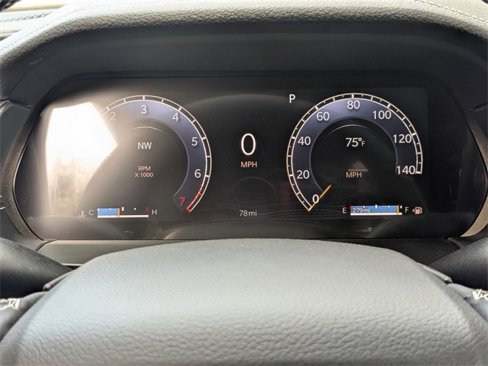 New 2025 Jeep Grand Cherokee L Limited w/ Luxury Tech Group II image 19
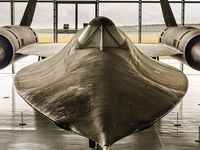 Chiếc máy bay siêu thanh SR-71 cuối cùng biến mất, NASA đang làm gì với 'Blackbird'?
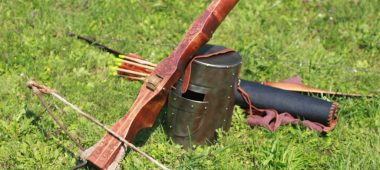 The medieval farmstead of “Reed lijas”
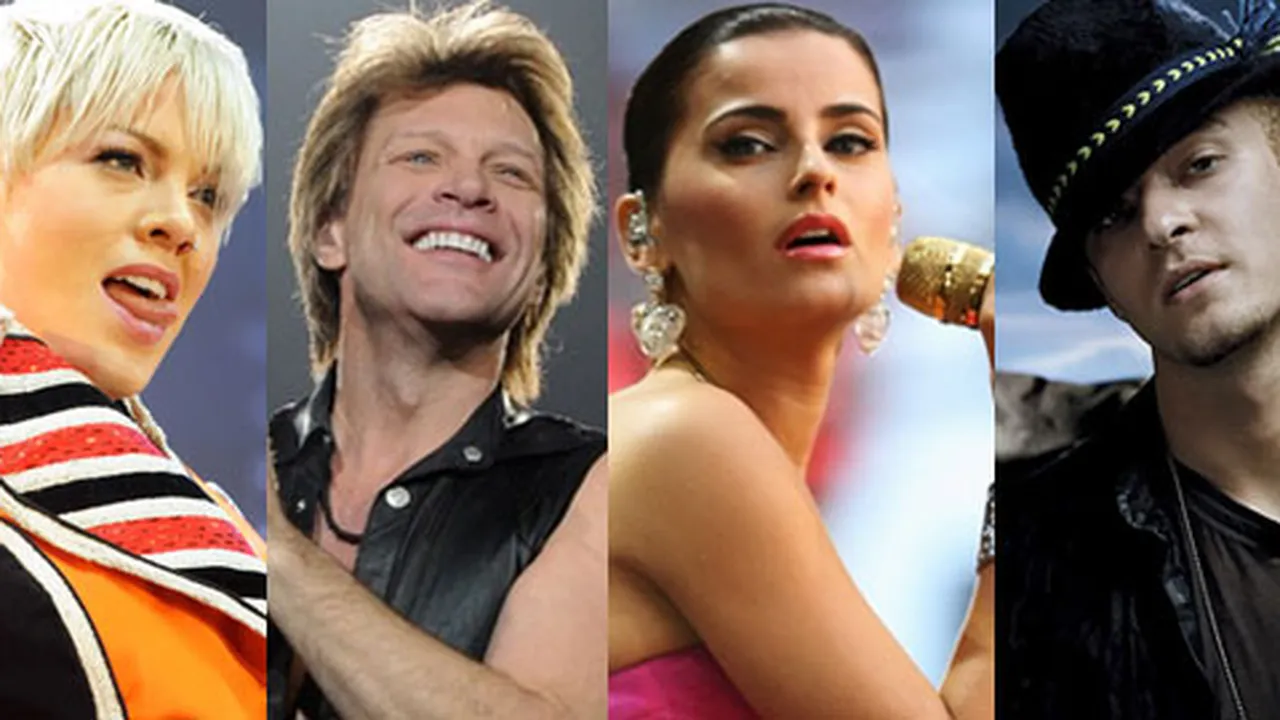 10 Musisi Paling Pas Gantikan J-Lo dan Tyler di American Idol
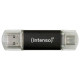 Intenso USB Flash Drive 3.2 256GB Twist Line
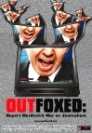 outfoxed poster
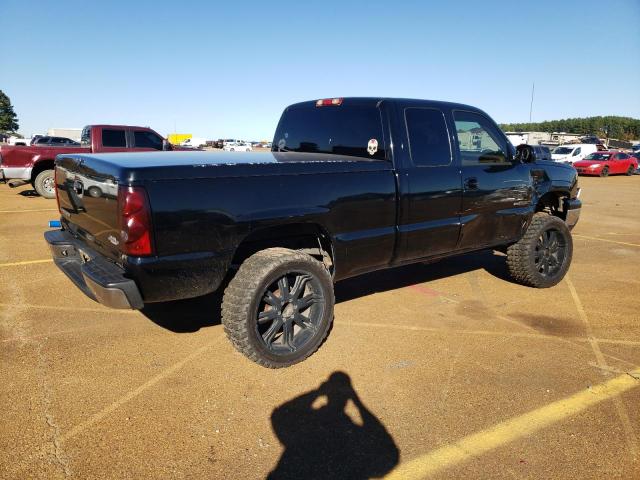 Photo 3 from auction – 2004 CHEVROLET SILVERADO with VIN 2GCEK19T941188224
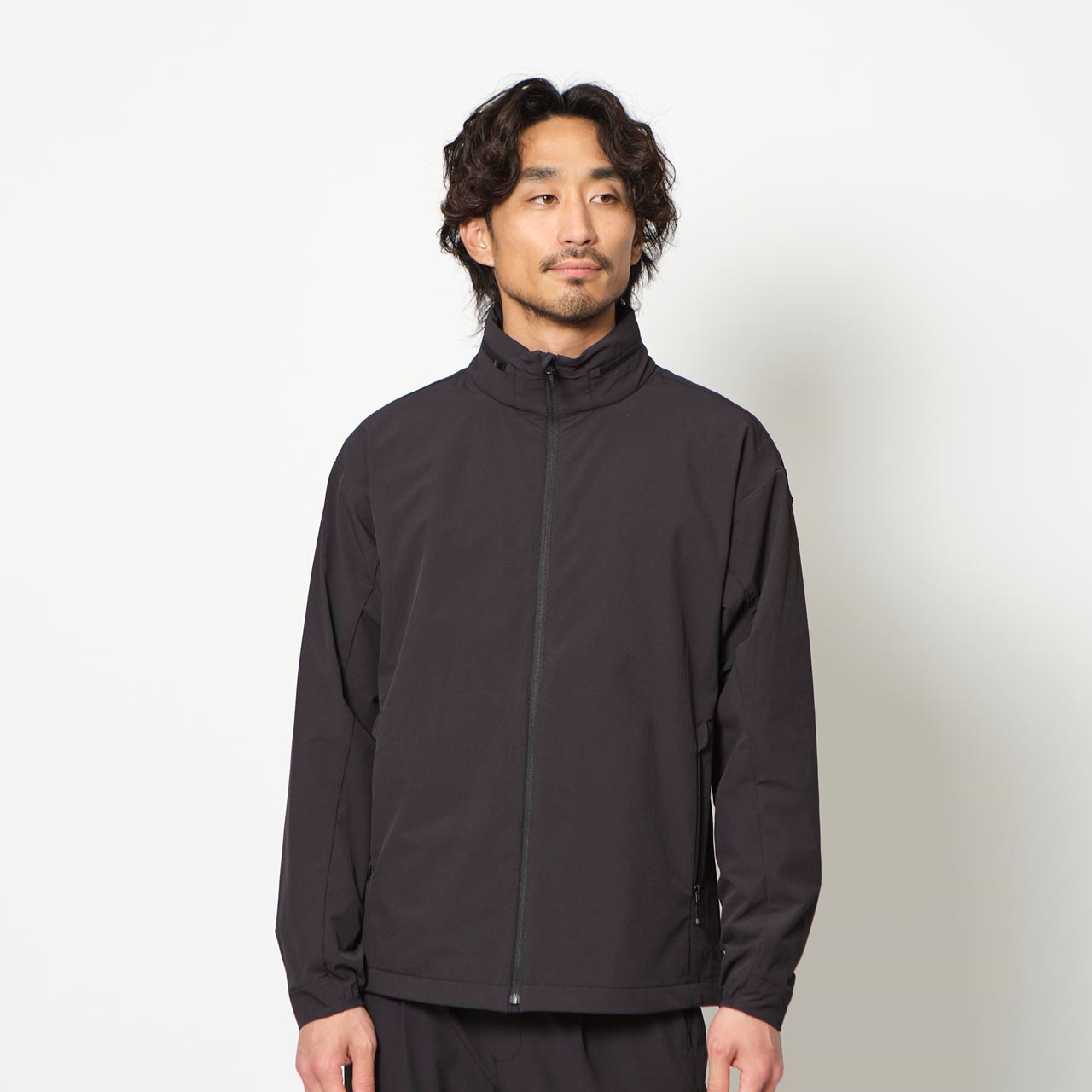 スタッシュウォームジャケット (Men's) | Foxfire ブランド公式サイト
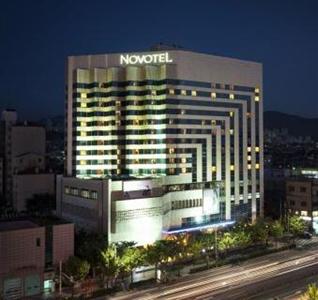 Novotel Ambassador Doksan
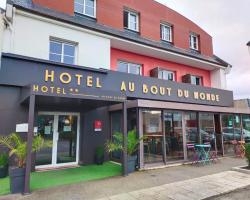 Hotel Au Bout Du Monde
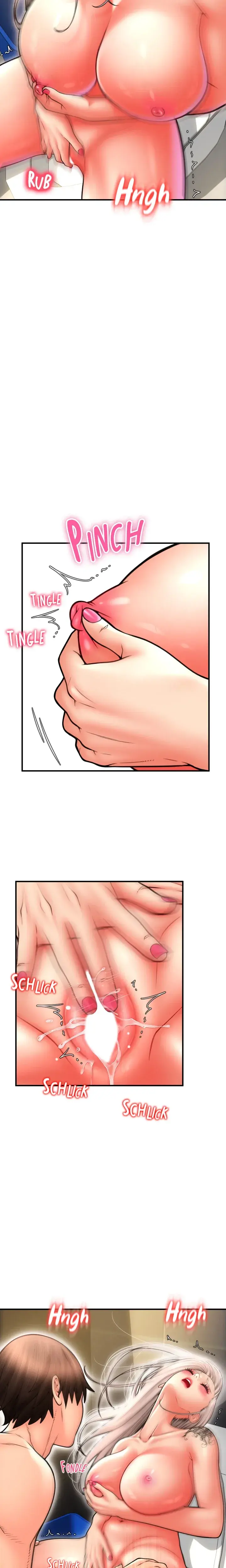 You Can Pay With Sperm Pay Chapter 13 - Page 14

**AIM OF THE EXERCISE:**
Skip the pictures and copy exactly the lines from the one containing "スタッシュウォームジャケット (Men's) | Foxfire ブランド公式サイト" through the end of the material, both ends included.

**TASK RESULT:**
 スタッシュウォームジャケット (Men's) | Foxfire ブランド公式サイト
 Novotel Ambassador Doksan
 Hotel Au Bout Du Monde
 You Can Pay With Sperm Pay Chapter 13 - Page 14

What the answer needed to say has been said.